Früher galt die SVP als extremistisch, über die Jahre habe sich die Partei jedoch neutralisiert, meint Marco Kovic, Sozialwissenschaftler und Dozent an der Universität Luzern. Gleichzeitig erlebte die AfD seit ihrer Gründung bis heute einen ziemlich starken Rechtsrutsch. «Deshalb sind die Parteien nicht mehr eins zu eins vergleichbar», so Kovic. Laut Charlotte Theile ist der prägnante Unterschied zwischen der SVP und der AfD, dass die rechteste Partei der Schweiz alles auf Christoph Blocher ausrichte. Ein solcher Personenkult – typisch für eine rechte Partei –, sei kaum woanders so ununterbrochen präsent wie in der Schweiz. Die AfD hat keine solch konstante Struktur. Die Parteispitzen zerfleischen sich regelmässig gegenseitig, obwohl sie für das Gleiche politisieren.
Es ist bekannt, dass Weidel Kontakt zu SVP-Parteimitgliedern pflegt. Offiziell arbeitet die SVP nicht mit ausländischen Parteien zusammen, doch wie der «Blick» im Oktober 2023 berichtete, hatten Ueli Maurer, Altbundesrat der SVP, und Alice Weidel ein «Treffen, das dem politischen Austausch diente». Aber beeinflusst Weidels Anwesenheit auch die Politik in Einsiedeln? Die vor Ort gefragten Bewohner:innen scheinen sich kaum an ihr zu stören. Manche befürworten ihre rechte Denkweise sogar.
Lesbisch und ultrarechts
Dennoch sorgen Weidels Aussagen oftmals für grosse Kontroversen. Obwohl ihre Partei Ausländer:innen wie auch die LGBTIQ+-Community nicht toleriert, lebt Weidel mit ihrer Schwarzen Ehefrau und zwei dunkelhäutigen Kindern das Gegenteil dessen, wofür ihre Partei steht. Wie geht das zusammen?
Anfang September 2023 erklärt sie im ARD-Sommerinterview, dass sie nicht «queer», sondern ausschliesslich lesbisch sei. Diese Aussage sollte, so Sozialwissenschaftler Marco Kovic, verdeutlichen, dass sie keineswegs als eine der «woken Lesben» betrachtet werden möchte, aber vor allem auch ihr privates Leben deutlich von ihrer politischen Arbeit trennen. Möglicherweise auch, weil sie deshalb Kritik von ihren Parteikolleg:innen erfährt?
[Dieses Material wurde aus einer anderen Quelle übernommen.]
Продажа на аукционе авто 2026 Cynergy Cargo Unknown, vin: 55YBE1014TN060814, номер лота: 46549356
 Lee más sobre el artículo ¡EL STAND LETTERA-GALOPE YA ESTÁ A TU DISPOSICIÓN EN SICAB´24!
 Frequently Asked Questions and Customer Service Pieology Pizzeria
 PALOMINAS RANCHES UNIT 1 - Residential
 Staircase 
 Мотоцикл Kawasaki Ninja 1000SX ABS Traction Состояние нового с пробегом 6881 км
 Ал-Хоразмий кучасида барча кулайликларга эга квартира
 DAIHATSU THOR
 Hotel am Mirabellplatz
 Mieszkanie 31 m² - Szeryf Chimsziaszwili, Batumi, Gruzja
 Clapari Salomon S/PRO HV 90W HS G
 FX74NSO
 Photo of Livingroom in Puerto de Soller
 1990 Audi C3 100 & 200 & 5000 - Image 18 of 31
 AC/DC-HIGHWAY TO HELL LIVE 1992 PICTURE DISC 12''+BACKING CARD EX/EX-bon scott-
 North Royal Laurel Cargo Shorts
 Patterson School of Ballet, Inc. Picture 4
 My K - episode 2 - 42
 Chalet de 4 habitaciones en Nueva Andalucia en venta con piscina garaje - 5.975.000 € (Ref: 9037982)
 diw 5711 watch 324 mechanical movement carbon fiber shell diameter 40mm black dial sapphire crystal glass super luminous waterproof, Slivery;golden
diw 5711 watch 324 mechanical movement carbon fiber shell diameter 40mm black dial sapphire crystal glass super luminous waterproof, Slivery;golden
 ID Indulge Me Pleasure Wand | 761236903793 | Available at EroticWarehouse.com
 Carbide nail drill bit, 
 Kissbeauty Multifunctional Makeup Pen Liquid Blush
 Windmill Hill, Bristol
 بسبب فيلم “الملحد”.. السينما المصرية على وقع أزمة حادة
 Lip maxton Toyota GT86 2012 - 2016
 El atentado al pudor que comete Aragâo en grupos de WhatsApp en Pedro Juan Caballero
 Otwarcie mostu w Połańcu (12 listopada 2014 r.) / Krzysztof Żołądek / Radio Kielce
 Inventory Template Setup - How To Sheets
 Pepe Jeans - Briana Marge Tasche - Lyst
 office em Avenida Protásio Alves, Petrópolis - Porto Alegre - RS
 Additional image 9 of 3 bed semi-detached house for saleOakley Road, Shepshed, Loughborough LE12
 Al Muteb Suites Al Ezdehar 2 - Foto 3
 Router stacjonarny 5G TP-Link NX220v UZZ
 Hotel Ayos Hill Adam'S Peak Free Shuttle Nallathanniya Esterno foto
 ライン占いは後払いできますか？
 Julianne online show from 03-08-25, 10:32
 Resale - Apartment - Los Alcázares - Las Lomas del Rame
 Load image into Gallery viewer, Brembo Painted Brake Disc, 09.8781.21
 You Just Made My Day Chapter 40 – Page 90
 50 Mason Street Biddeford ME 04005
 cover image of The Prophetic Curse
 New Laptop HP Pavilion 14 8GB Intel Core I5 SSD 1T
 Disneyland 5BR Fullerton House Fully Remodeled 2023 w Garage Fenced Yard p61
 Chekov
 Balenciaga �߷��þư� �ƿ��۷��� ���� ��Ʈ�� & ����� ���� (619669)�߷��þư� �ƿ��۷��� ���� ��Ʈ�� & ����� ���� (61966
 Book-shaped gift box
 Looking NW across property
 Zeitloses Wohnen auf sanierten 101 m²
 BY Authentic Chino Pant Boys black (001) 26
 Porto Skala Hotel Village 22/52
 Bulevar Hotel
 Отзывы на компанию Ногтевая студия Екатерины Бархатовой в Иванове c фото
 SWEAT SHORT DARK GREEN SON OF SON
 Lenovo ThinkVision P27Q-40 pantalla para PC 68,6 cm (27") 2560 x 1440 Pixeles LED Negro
Allerdings hat Weidel auch schon behauptet, dass eingewanderte Muslim:innen die LGBTQIA+-Community nicht tolerieren würden – wohl aus politischem Kalkül, um weitere Bürger:innen von der AfD zu überzeugen.
Laut Autorin Charlotte Theile soll es in der Tat Sarah Bossard, Alice Weidels Ehefrau, gewesen sein, die sie vor mehr als zehn Jahren dazu ermutigt habe, einen politischen Weg einzuschlagen – nachdem sich Weidel 2013 stark mit der Eurokrise auseinandergesetzt hatte.
Hat Alice Weidel in Einsiedeln ihr Wunderland gefunden? Unsere Anfrage liess die AfD-Politikerin bis Redaktionsschluss unbeantwortet.